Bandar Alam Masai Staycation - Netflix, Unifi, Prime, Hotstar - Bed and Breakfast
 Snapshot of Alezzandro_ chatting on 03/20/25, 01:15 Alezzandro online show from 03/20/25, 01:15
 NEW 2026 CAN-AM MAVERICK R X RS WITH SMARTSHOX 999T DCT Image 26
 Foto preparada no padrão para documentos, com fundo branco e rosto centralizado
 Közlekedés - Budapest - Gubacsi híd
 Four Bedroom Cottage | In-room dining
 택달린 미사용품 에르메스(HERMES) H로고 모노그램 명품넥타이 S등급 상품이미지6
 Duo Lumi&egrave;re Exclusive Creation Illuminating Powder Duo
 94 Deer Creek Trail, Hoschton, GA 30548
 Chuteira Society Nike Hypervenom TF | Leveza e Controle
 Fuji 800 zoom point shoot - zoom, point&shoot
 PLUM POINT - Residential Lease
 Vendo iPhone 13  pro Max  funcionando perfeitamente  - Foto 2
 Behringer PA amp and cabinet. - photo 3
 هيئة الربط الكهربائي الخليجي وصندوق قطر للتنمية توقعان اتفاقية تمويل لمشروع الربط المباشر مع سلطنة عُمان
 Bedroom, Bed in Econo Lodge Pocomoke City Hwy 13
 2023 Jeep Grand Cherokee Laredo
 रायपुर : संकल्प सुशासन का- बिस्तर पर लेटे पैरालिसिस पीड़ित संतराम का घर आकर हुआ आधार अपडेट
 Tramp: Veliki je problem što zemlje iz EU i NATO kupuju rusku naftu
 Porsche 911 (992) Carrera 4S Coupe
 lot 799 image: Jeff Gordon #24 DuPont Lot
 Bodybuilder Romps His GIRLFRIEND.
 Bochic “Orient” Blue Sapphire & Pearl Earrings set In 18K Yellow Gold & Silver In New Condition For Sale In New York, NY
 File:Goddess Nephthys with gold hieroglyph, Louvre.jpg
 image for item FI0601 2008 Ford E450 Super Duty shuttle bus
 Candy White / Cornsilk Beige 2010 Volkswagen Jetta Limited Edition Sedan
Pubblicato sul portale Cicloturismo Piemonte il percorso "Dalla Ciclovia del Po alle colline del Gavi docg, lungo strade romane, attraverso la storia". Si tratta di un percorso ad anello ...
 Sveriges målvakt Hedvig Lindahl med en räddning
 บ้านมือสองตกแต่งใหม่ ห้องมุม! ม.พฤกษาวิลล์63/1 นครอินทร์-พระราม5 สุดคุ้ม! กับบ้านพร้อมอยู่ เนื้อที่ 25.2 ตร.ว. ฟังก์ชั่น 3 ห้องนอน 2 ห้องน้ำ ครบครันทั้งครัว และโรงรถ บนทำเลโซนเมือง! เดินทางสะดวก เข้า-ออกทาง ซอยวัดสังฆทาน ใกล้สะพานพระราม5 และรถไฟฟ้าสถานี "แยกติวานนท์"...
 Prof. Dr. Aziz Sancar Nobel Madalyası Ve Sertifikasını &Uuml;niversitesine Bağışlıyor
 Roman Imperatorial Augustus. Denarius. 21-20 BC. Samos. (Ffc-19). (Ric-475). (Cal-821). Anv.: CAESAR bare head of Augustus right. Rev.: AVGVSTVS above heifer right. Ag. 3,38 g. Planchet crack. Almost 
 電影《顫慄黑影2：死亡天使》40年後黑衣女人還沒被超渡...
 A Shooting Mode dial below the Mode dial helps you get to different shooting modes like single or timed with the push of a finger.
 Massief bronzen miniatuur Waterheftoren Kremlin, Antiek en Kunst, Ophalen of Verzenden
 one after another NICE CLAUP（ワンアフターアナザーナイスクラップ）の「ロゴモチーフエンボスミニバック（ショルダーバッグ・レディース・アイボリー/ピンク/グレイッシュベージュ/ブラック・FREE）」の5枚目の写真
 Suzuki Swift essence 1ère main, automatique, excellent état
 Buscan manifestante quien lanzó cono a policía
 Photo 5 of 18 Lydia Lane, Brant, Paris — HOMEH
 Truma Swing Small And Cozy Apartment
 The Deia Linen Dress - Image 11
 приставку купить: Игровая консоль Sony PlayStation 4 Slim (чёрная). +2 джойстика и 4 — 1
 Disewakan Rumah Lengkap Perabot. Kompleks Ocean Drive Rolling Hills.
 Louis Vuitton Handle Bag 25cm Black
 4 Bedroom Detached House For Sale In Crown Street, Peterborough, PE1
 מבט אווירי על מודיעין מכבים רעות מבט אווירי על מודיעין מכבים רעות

★ ★ ★ ★

WHAT IS REQUIRED>
Set out exactly the run of lines that begins at the line holding "บ้านมือสองตกแต่งใหม่ ห้องมุม! ม.พฤกษาวิลล์63/1" and ends at the last line of the data.

RESPONSE TO THE TASK>
 บ้านมือสองตกแต่งใหม่ ห้องมุม! ม.พฤกษาวิลล์63/1 นครอินทร์-พระราม5 สุดคุ้ม! กับบ้านพร้อมอยู่ เนื้อที่ 25.2 ตร.ว. ฟังก์ชั่น 3 ห้องนอน 2 ห้องน้ำ ครบครันทั้งครัว และโรงรถ บนทำเลโซนเมือง! เดินทางสะดวก เข้า-ออกทาง ซอยวัดสังฆทาน ใกล้สะพานพระราม5 และรถไฟฟ้าสถานี "แยกติวานนท์"...
 Prof. Dr. Aziz Sancar Nobel Madalyası Ve Sertifikasını &Uuml;niversitesine Bağışlıyor
 Roman Imperatorial Augustus. Denarius. 21-20 BC. Samos. (Ffc-19). (Ric-475). (Cal-821). Anv.: CAESAR bare head of Augustus right. Rev.: AVGVSTVS above heifer right. Ag. 3,38 g. Planchet crack. Almost 
 電影《顫慄黑影2：死亡天使》40年後黑衣女人還沒被超渡...
 A Shooting Mode dial below the Mode dial helps you get to different shooting modes like single or timed with the push of a finger.
 Massief bronzen miniatuur Waterheftoren Kremlin, Antiek en Kunst, Ophalen of Verzenden
 one after another NICE CLAUP（ワンアフターアナザーナイスクラップ）の「ロゴモチーフエンボスミニバック（ショルダーバッグ・レディース・アイボリー/ピンク/グレイッシュベージュ/ブラック・FREE）」の5枚目の写真
 Suzuki Swift essence 1ère main, automatique, excellent état
 Buscan manifestante quien lanzó cono a policía
 Photo 5 of 18 Lydia Lane, Brant, Paris — HOMEH
 Truma Swing Small And Cozy Apartment
 The Deia Linen Dress - Image 11
 приставку купить: Игровая консоль Sony PlayStation 4 Slim (чёрная). +2 джойстика и 4 — 1
 Disewakan Rumah Lengkap Perabot. Kompleks Ocean Drive Rolling Hills.
 Louis Vuitton Handle Bag 25cm Black
 4 Bedroom Detached House For Sale In Crown Street, Peterborough, PE1
 מבט אווירי על מודיעין מכבים רעות מבט אווירי על מודיעין מכבים רעות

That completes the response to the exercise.